The counter-terrorists found a time bomb in the dust. But this time the terrorists improve on the time bomb. The number sequence of the time bomb counts from 1 to N. If the current number sequence includes the sub-sequence "49", the power of the blast would add one point. 
Now the counter-terrorist knows the number N. They want to know the final points of the power. Can you help them? 

 

Input

The first line of input consists of an integer T (1 <= T <= 10000), indicating the number of test cases. For each test case, there will be an integer N (1 <= N <= 2^63-1) as the description. 

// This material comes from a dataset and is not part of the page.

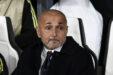 Luciano Spalletti Juventus Tense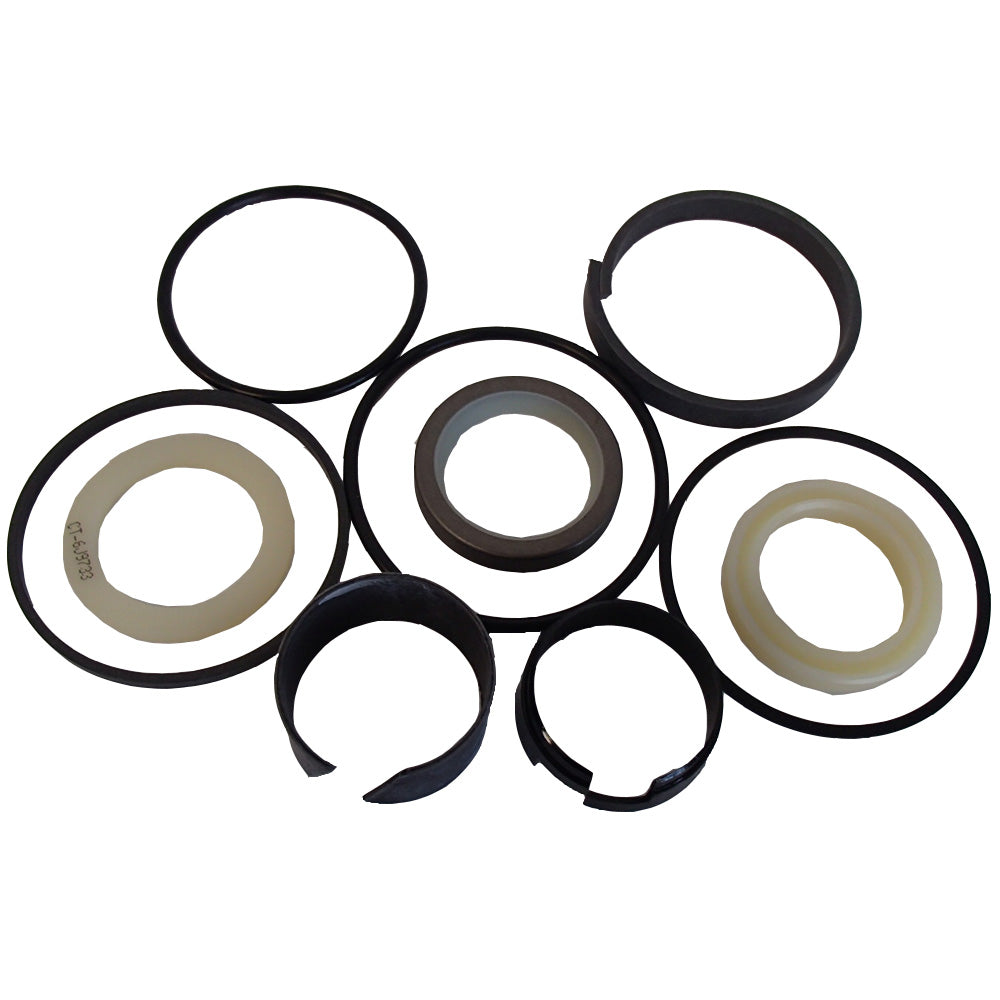 G105502 Tilt Hydraulic Cylinder Seal Kit Fits Case 1500 1530 1830 Skid Steer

The input terminates by end of file marker. 

 

Output

For each test case, output an integer indicating the final points of the power.

 

Sample Input

      
      
      
      

       
       
       
        3
1
50
500 
      
      
      
      

 

Sample Output

      
      
      
      

       
       
       
        0
1
15 
      
      
      
      

Hint

From 1 to 500, the numbers that include the sub-sequence "49" are "49","149","249","349","449","490","491","492","493","494","495","496","497","498","499", so the answer is 15.
         

求1到n中不含49的数的个数

dp[i][j][0]代表i位的数，最高位为j时，没有出现49的个数

dp[i][j][1]代表i位的数，最高位为j时，出现49的个数

#include <cstdio>
#include <cstring>
#include <algorithm>
using namespace std ;
#define LL __int64
LL dp[25][10][2] ;
int digit[25] , cnt ;
void init()
{
    int i , j , k ;
    memset(dp,0,sizeof(dp)) ;
    for(j = 0 ; j < 10 ; j++)
        dp[1][j][0] = 1 ;
    for(i = 2 ; i <= 20 ; i++)
    {
        for(j = 0 ; j < 10 ; j++)
        {
            for(k = 0 ; k < 10 ; k++)
            {
                dp[i][j][1] += dp[i-1][k][1] ;
                if( j == 4 && k == 9 )
                    dp[i][j][1] += dp[i-1][k][0] ;
                else
                    dp[i][j][0] += dp[i-1][k][0] ;
            }
            //printf("dp[%d][%d]  %I64d %I64d\n", i , j , dp[i][j][0], dp[i][j][1]) ;
        }
    }
    return ;
}
LL solve(LL temp)
{
    int flag , i , j ;
    LL ans = 0 ;
    memset(digit,0,sizeof(digit)) ;
    cnt = 0 ;
    while( temp )
    {
        digit[++cnt] = temp % 10 ;
        temp /= 10 ;
    }
    for(j = 0 ; j < digit[cnt] ; j++)
        ans += dp[cnt][j][1] ;
    flag = 0 ;
    for(i = cnt-1 ; i > 0 ; i--)
    {
        for(j = 0 ; j < digit[i] ; j++)
        {
            ans += dp[i][j][1] ;
            if( flag )
                ans += dp[i][j][0] ;
        }
        if( digit[i+1] == 4 && digit[i] == 9 )
            flag = 1 ;
    }
    return ans ;
}
int main()
{
    LL t , n , ans ;
    init() ;
    scanf("%I64d", &t) ;
    while( t-- )
    {
        scanf("%I64d", &n) ;
        ans = solve(n+1) ;
        printf("%I64d\n", ans) ;
    }
    return 0;
}